Blancpain Villeret Tourbillon Volant Heure Sautante Minute Retrograde stands an Icon

In an industry that has long timed the events of the world, the watch trade has seen many things through its centuries-long growth from timekeepers for royalty to its present state as a ubiquitous accessory on the wrists of most. While most large-scale events, such as financial crises and world wars, have struck hard at the being of the industry, whether it be negative or positive, no other moment in history comes as close to shaking the watch industry as the Quartz Crisis in the 1970s.

Like stories we tell our children about the bogeyman, the Crisis is often used as a cautionary tale, in a bid to remind the industry stakeholders that there’s always an off-chance that their jobs and brands could be phased out lest they continue innovating. When the Quartz Crisis hit, the mechanical watch world wasn’t necessarily stagnant. The automatic chronograph had just made its mark, the design language of watches was evolving, sports luxe was growing, and George Daniels was determined to prove that mechanical watches could provide the same accuracy as quartz watches. However, these innovations were progressing slowly, and in the decade that quartz watches (particularly Asian-made ones) became popular, the slow-moving mechanical watch industry saw the inevitable closing down of several Swiss houses.

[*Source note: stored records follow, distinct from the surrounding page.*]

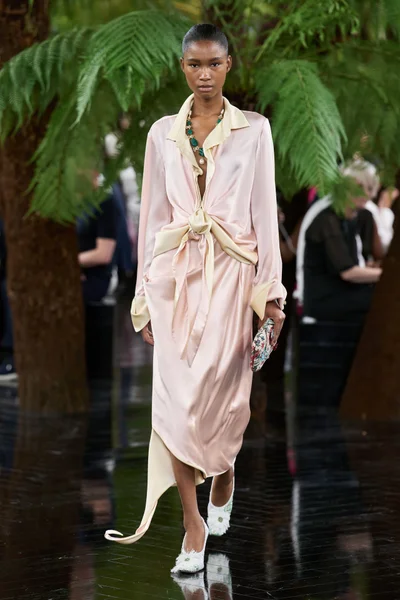 Look 15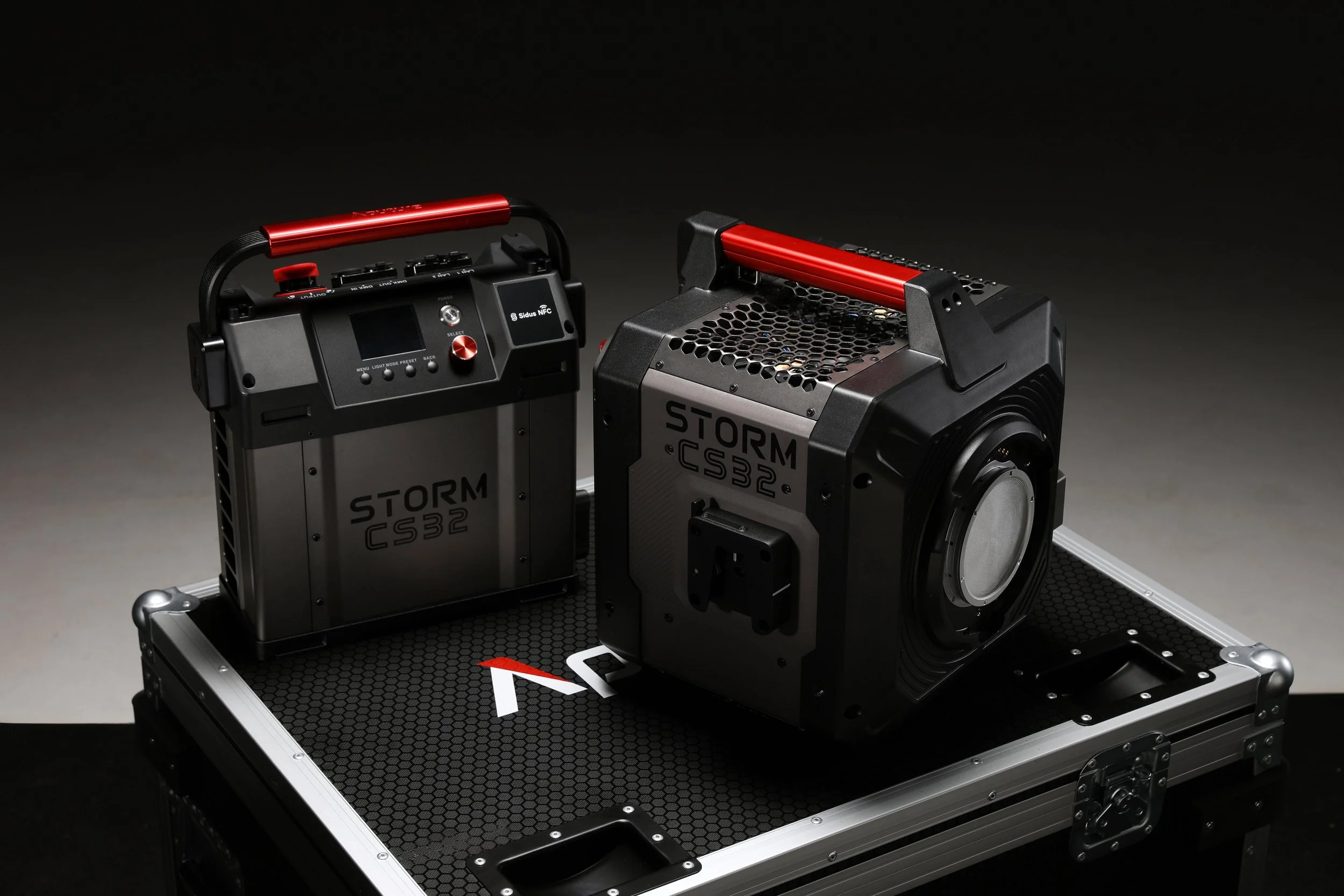 Aputure Storm CS32 3.jpg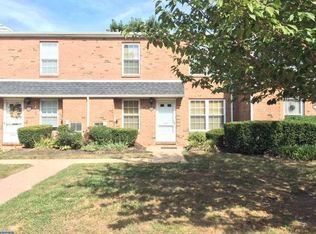 1113 Harbour Dr, Palmyra, NJ 08065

Swiss watchmaker Blancpain should very much have been one of these houses. Founded in 1735, all signs pointed to its potential closure during the pre-quartz era. In 1932, Blancpain, which was owned and ran by the namesake family, was bought by two members of its staff.
Unable to use the name Blancpain, the company was rebranded to Rayville (a phonetic anagram of Villeret, the canton where the brand was founded) and kept producing timepieces, before joining the Société Suisse pour l’Industrie Horlogère (SSIH) in the late 1950s. Rayville-Blancpain was a producer of many movements and saw its calibres utilised by several different brands under the SSIH umbrella before the Quartz Crisis hit. When the eventual onslaught of quartz watches happened, the SSIH was forced to reduce its output by half and sell off part of its assets, including Rayville-Blancpain. This was in 1983, at the height of the Crisis.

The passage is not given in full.